Elle sentit les larmes prêtes à couler et reprit immédiatement son masque de sang-froid, qui était bien trop fissuré à son goût. Elle sortit le plus calmement de la Grande Salle, sentant les regards des Gryffondor de son année sur son dos. Elle n'alla pas dans la salle sur demande mais se dirigea vers le parc de Poudlard, près de la forêt interdite. Elle s'assit près d'un tronc d'arbres et pleura pendant longtemps.

—Helena.

La jeune femme se retourna et vit Rogue, debout, à côté d'elle. Il y avait quelque chose qui avait changé sur son visage. Son masque à lui aussi était tombé. Il avait l'air inquiet. Severus Rogue était inquiet pour elle ! Il s'assit près d'elle et hésita avant de parler.

—Je t'ai entendu dans la grande salle, tu as été …, n'est-ce pas ? tenta-t-il, maladroitement.

Hermione hoqueta et sanglota de plus belle. Severus ne savait pas consoler quelqu'un. Aussi loin qu'il ne s'en souvienne, il n'avait jamais dû le faire. Mais Helena était devenue au fil des mois, une personne importante pour lui. C'est ce qui se rapprochait le plus d'une amie depuis sa dispute avec Lily, deux ans plus tôt. Alors, bien que cela lui coûta beaucoup, il se rapprocha d'Hermione et la prit dans ses bras. Il la berça, mais ne savait pas vraiment si cela était utile ou non, Hermione pleurait, puis hoqueter. Elle ne semblait pas préoccupée de le faire dans les bras de son ancien professeur de potions, elle pleurait, c'était tout.

—Tu as le droit de pleurer, Helena. Ce n'est pas parce que tu es forte et que tu ne montres pas te sentiments en public qu'il faut se retenir en privé. C'est normal.
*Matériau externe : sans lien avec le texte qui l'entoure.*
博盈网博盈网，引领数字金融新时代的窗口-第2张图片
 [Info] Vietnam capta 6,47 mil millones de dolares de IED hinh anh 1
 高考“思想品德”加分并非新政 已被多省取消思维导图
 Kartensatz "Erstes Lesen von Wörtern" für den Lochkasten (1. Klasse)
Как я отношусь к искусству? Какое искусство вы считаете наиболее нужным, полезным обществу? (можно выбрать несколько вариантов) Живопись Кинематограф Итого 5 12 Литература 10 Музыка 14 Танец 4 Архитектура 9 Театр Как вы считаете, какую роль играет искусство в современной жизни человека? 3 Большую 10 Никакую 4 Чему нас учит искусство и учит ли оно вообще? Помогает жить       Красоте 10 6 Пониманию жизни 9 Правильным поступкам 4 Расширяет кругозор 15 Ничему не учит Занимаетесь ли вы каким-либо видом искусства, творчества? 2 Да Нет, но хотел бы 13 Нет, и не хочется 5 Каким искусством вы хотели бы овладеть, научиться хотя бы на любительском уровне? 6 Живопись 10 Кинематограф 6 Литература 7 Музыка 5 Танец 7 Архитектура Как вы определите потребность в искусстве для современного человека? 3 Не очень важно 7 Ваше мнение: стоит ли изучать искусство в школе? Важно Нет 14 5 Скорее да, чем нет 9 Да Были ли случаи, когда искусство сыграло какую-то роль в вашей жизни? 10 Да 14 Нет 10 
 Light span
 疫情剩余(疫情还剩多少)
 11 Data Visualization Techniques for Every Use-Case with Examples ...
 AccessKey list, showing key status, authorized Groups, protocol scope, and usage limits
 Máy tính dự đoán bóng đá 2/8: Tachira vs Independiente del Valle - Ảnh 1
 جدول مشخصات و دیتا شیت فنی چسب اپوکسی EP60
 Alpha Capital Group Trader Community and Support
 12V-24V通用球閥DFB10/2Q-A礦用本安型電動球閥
Il s'apprêtait à continuer, mais il renonça. Il n'avait jamais été très doué avec les autres, ni avec les mots. Il continua alors de bercer Hermione, tout en lui caressant les cheveux. Hermione, elle, pleurait de tout son soul. Elle pleurait pour tout ce qu'elle avait vu, les horreurs de la guerre qu'elle avait traversées, elle relâchait la pression qu'elle avait sur les épaules depuis plusieurs années. Mais tout cela n'est qu'une parenthèse. Elle allait devoir se relever, sécher ses larmes, parler à Severus, revêtir son masque d'indifférence, devenir une façade de pierre. Penser nuit et jour à la mission, car elle ne pouvait pas échouer. Harry et Ron comptaient sur elle. Tous les autres morts aussi. Il faudrait aussi qu'elle parle avec Remus de son dérapage, mais pour l'instant, elle ne souciait pas de tout cela. Elle pleurait.